Evidence in the 13 capability areas
Your Clinical or Educational Supervisor can only validate log entries against the Capabilities if they are of sufficient quality.
Log entries should be reflective, demonstrating personal insight into how you are performing and learning from your everyday experiences. A good, reflective log entry will show:
- evidence of critical thinking and analysis, describing your own thought processes
- self-awareness, demonstrating openness and honesty about performance along with some consideration of your own feelings
- evidence of learning, appropriately describing what needs to be learned, why and how.
You won’t be expected to produce perfect log entries from day one, but your Educational Supervisor will expect to see improvement in the quality of your Learning Log entries and insight as you progress.

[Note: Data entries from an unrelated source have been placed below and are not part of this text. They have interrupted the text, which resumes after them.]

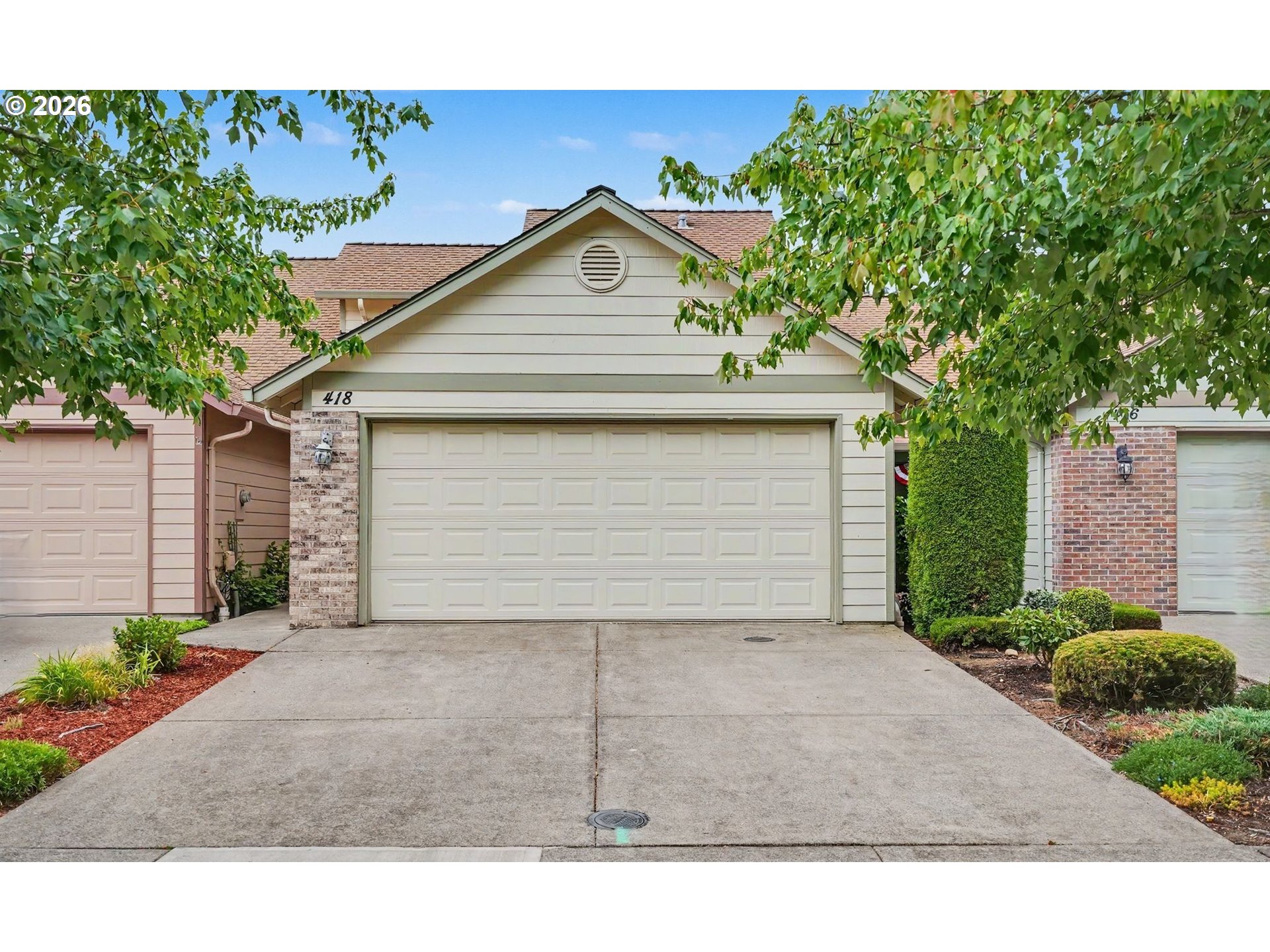 418 WALNUT WAY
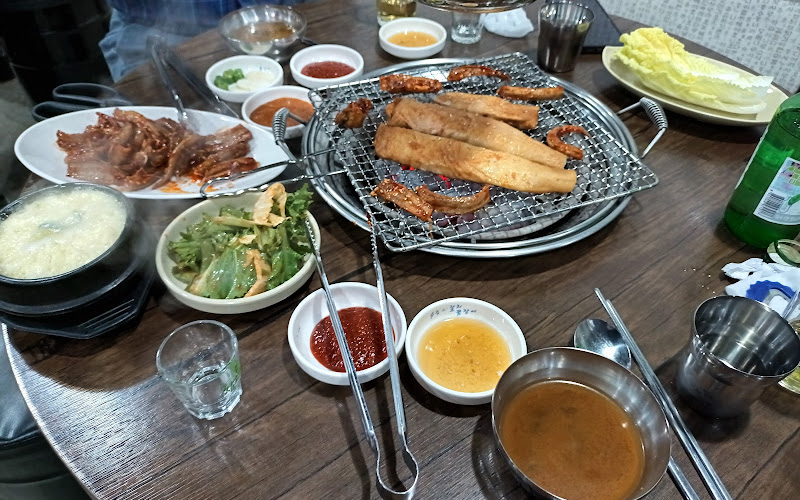 수정자갈치꼼장어청주점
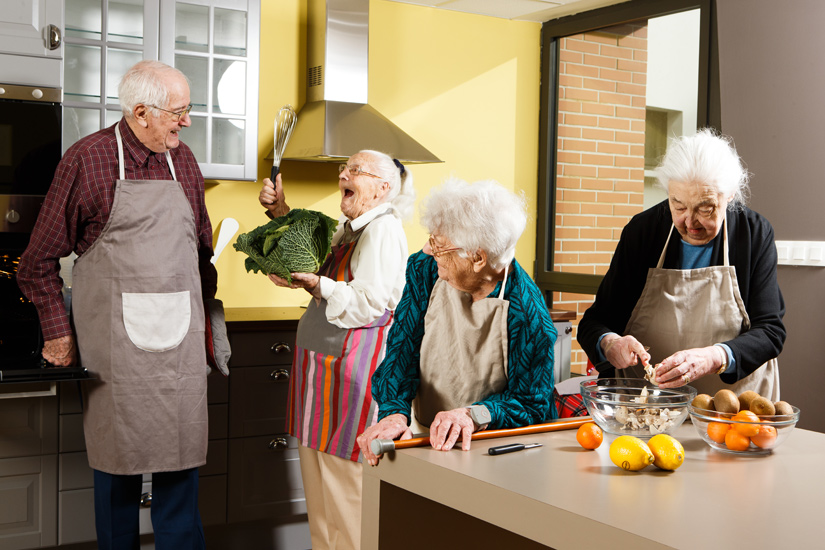 Photo de retraités en cuisine.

- Hallmarks of good practice in recording information in the Trainee ePortfolio (PDF file, 138 KB)
- Workplace Based Assessment (WPBA) capability framework
Reflection and evaluation
Two documents have been produced jointly by the:
- Academy of Medical Royal Colleges (AoMRC),
- Conference of Postgraduate Medical Deans (COPMeD),
- General Medical Council (GMC)
- Medical Schools Council (MSC).
- The reflective practitioner guidance (external PDF)
- Summary version of the reflective practitioner guidance (external PDF)
Reflection is an important part of professional practice. By reflecting, doctors assess how well they are performing, as well as identifying their learning needs and enabling improvements to be made to their practice.
The guidance was developed following requests for clearer information on what is meant by reflection, and how those in training and engaging in revalidation should reflect as part of their practice. It has been developed with input across the UK and is intended for use across the UK.
The guidance outlines the importance of reflection for personal development and learning. It highlights how reflection can help doctors and medical students to maintain and improve their professional practice and drive improvements in patient safety.
It emphasises ten key elements of being a reflective practitioner, including:
- how reflection is personal; that there is no one way to reflect;
- reflective notes don’t need to capture the full details of an experience, but should focus on learning outcomes and future plans.
This work, which is a joint effort by all four organisations to provide clearer advice in this area, is part of a wider commitment to drive an open and honest learning culture. We will explore what other guidance or information could be developed to provide more practical support.
The documents are available on the COPMeD website, along with the Academy and COPMeD Reflective Practice Toolkit.